Lawsuits and claims arise in the normal course of business.  Management, after consultation with legal counsel, has recorded an estimate of the probable cost of settlement or other disposition of them.  The ultimate outcome of these matters cannot presently be determined.  Accordingly, the ultimate resolution of these matters could have a material adverse effect on NSP-Minnesota’s financial position and results of operations.

 

Environmental Litigation

 

Carbon Dioxide (CO2) Emissions Lawsuit — In 2004, the attorneys general of eight states and New York City, as well as several environmental groups, filed lawsuits in U. S. District Court in the Southern District of New York against five utilities, including Xcel Energy, the parent company of NSP-Minnesota, to force reductions in CO2 emissions.  The other utilities include American Electric Power Co., Southern Co., Cinergy Corp. and Tennessee Valley Authority.  The lawsuits allege that CO2 emitted by each company is a public nuisance.  The lawsuits do not demand monetary damages.  Instead, the lawsuits ask the court to order each utility to cap and reduce its CO2 emissions.  On Sept. 19, 2005, the court granted a motion to dismiss on constitutional grounds.  On appeal in September 2009, the U. S. Court of Appeals for the Second Circuit reversed the lower court decision.  Defendants anticipate filing a petition for review with the U. S. Supreme Court.

 

Comer vs.
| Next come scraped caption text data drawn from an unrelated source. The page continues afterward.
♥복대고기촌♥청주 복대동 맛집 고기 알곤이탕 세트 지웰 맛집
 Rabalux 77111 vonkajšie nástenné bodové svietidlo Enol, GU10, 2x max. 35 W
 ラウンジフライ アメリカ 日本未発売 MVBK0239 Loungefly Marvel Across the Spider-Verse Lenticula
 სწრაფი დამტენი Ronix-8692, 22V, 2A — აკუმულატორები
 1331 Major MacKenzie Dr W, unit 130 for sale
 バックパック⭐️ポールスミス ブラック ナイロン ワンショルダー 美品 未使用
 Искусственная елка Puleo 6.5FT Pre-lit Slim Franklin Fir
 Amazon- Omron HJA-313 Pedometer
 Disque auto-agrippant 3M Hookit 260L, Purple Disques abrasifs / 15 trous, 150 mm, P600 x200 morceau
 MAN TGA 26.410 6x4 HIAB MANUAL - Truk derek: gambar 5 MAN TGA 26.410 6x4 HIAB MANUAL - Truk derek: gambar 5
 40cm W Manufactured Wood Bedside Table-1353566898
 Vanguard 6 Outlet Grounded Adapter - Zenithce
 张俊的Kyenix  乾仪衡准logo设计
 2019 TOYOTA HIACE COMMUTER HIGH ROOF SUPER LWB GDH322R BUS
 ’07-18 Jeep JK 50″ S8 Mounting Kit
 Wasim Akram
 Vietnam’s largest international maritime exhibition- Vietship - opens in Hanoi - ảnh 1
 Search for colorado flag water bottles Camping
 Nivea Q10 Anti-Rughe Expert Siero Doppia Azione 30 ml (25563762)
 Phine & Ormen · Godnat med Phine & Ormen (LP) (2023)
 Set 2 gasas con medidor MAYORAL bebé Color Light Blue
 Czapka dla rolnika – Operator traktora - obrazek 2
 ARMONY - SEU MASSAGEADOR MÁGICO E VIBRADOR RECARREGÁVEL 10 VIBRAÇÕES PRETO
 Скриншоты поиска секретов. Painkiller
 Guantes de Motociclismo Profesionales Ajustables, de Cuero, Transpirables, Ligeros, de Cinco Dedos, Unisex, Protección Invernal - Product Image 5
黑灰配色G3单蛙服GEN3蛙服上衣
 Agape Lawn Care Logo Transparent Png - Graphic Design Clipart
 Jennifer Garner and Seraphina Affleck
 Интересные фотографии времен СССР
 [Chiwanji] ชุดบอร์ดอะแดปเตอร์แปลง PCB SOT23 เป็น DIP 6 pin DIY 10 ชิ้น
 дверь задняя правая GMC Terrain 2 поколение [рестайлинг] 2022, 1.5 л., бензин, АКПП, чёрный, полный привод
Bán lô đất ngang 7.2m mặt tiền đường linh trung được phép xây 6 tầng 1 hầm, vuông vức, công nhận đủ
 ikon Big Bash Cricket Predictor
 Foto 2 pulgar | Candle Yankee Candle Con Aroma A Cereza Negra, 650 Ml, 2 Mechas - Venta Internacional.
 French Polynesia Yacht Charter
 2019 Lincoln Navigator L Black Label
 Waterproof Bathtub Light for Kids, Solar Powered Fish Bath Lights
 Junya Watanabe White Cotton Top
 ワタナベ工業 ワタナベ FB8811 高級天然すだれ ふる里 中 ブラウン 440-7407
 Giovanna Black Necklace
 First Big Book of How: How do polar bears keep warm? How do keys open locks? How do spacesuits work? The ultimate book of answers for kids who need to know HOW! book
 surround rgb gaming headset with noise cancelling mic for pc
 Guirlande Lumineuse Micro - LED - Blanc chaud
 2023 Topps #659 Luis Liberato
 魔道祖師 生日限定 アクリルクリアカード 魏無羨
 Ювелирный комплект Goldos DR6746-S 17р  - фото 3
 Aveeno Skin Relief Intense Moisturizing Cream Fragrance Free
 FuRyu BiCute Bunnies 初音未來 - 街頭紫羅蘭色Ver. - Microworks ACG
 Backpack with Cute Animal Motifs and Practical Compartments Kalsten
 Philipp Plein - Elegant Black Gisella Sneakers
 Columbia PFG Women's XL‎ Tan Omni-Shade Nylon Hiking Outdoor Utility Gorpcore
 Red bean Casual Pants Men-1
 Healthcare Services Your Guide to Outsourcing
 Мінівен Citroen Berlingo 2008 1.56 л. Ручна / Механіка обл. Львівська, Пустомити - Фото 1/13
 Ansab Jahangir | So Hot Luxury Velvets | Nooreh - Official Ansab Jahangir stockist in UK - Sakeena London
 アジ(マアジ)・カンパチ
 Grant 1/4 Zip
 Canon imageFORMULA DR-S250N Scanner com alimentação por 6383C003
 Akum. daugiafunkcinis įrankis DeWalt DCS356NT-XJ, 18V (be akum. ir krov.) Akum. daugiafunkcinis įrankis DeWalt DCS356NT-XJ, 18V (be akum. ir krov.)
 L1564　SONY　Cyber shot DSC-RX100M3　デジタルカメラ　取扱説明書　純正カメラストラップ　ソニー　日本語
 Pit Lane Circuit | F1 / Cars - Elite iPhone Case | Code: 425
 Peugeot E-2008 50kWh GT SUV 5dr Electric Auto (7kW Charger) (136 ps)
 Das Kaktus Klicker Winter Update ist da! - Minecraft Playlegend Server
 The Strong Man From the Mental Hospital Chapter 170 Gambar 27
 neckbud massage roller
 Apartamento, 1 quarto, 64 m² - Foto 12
Xcel Energy Inc. et al. — In 2006, Xcel Energy, the parent company of NSP-Minnesota, received notice of a purported class action lawsuit filed in U. S. District Court in the Southern District of Mississippi.  The lawsuit names more than 45 oil, chemical and utility companies, including Xcel Energy, as defendants and alleges that defendants’ CO2 emissions “were a proximate and direct cause of the increase in the destructive capacity of Hurricane Katrina.”  Plaintiffs allege negligence and public and private nuisance and seek damages related to the loss resulting from the hurricane.  Xcel Energy believes this lawsuit is without merit and intends to vigorously defend itself against these claims.  In August 2007, the court dismissed the lawsuit in its entirety against all defendants on constitutional grounds.  Plaintiffs filed a notice of appeal to the U. S. Court of Appeals for the Fifth Circuit.  In October 2009, the U. S. Court of Appeals for the Fifth Circuit reversed the district court decision, in part, concluding that the plaintiffs pleaded sufficient facts to overcome the constitutional challenges that formed the basis for dismissal by the district court.  A subsequent petition by defendants, including Xcel Energy, for en banc review was granted.  On May 28, 2010, U. S. Court of Appeals for the Fifth Circuit ruled that it lacked an en banc quorum of nine active members to hear the case.  It dismissed the appeal, which resulted in the reinstatement of the district court’s opinion dismissing the case.

 

Native Village of Kivalina vs. Xcel Energy Inc. et al. — In 2008, the City and Native Village of Kivalina, Alaska, filed a lawsuit in U. S. District Court for the Northern District of California against Xcel Energy, the parent company of NSP-Minnesota, and 23 other utilities, oil, gas and coal companies.  Plaintiffs claim that defendants’ emission of CO2 and other GHGs contribute to global warming, which is harming their village.  Xcel Energy believes the claims asserted in this lawsuit are without merit and joined with other utility defendants in filing a motion to dismiss on June 30, 2008.  In October 2009, the U. S. District Court dismissed the lawsuit on constitutional grounds.  In November 2009, plaintiffs filed a notice of appeal to the U. S. Court of Appeals for the Ninth Circuit.  It is unknown when the Ninth Circuit will render a final opinion.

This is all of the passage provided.